◆ **ACTIVITY**: What the task requires is an exact printout of the listing below, pictures excluded.

Segment Start: PROVIDED INFORMATION

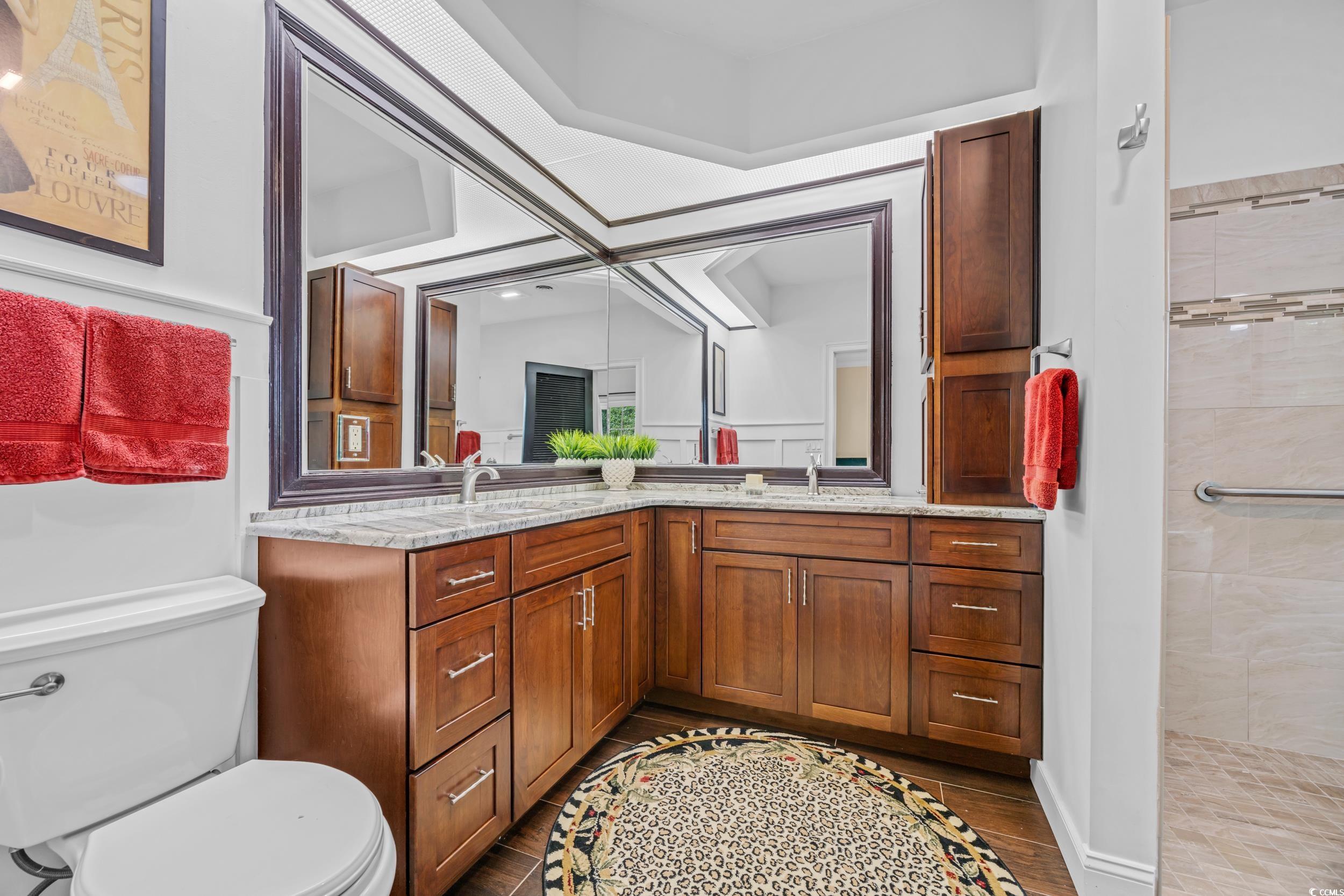 444 Dornoch Dr., Pawleys Island, South Carolina image 22
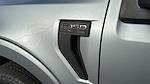 2024 Ford F-150 SuperCrew Cab 4x4 Pickup for sale #RKF75880 - photo 12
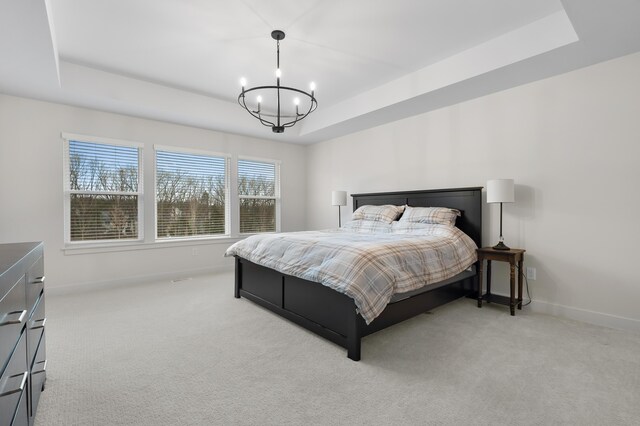 8114 Turning Stone, Kalamazoo, MI 49009 - photo 23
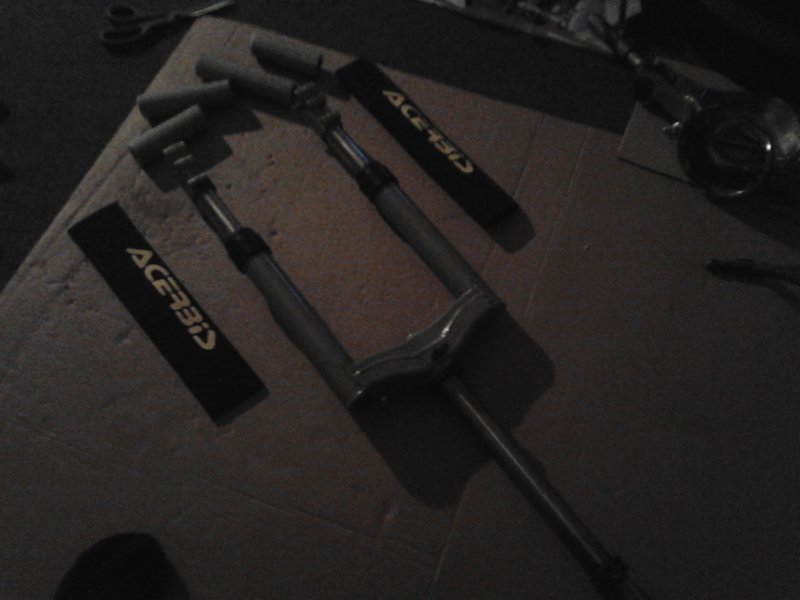 2014-10-28 19.27.06.jpg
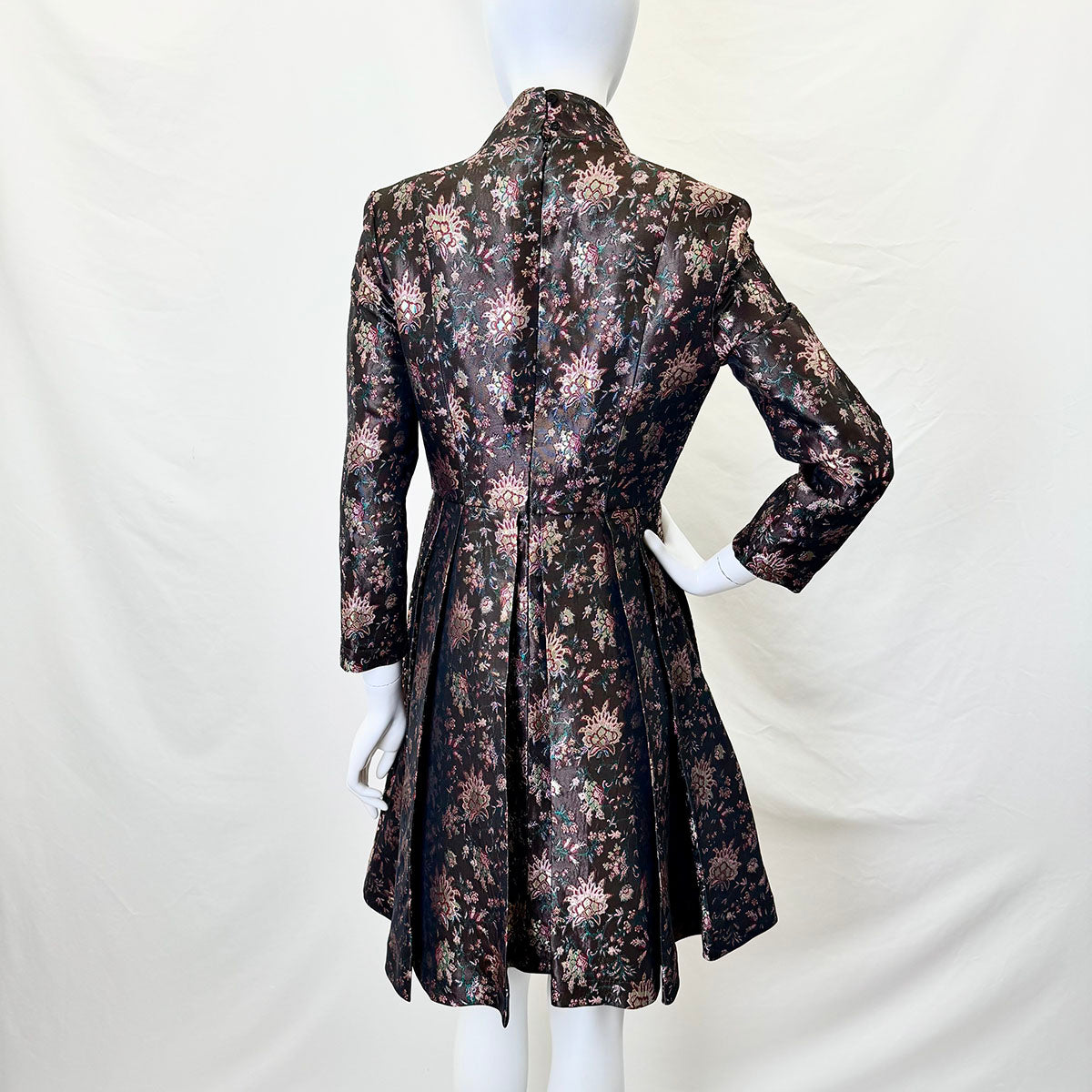Antonio Marras Dress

Segment End: PROVIDED INFORMATION

◆ **RESPONSE BOX**:
 444 Dornoch Dr., Pawleys Island, South Carolina image 22
 2024 Ford F-150 SuperCrew Cab 4x4 Pickup for sale #RKF75880 - photo 12
 8114 Turning Stone, Kalamazoo, MI 49009 - photo 23
 2014-10-28 19.27.06.jpg
Antonio Marras Dress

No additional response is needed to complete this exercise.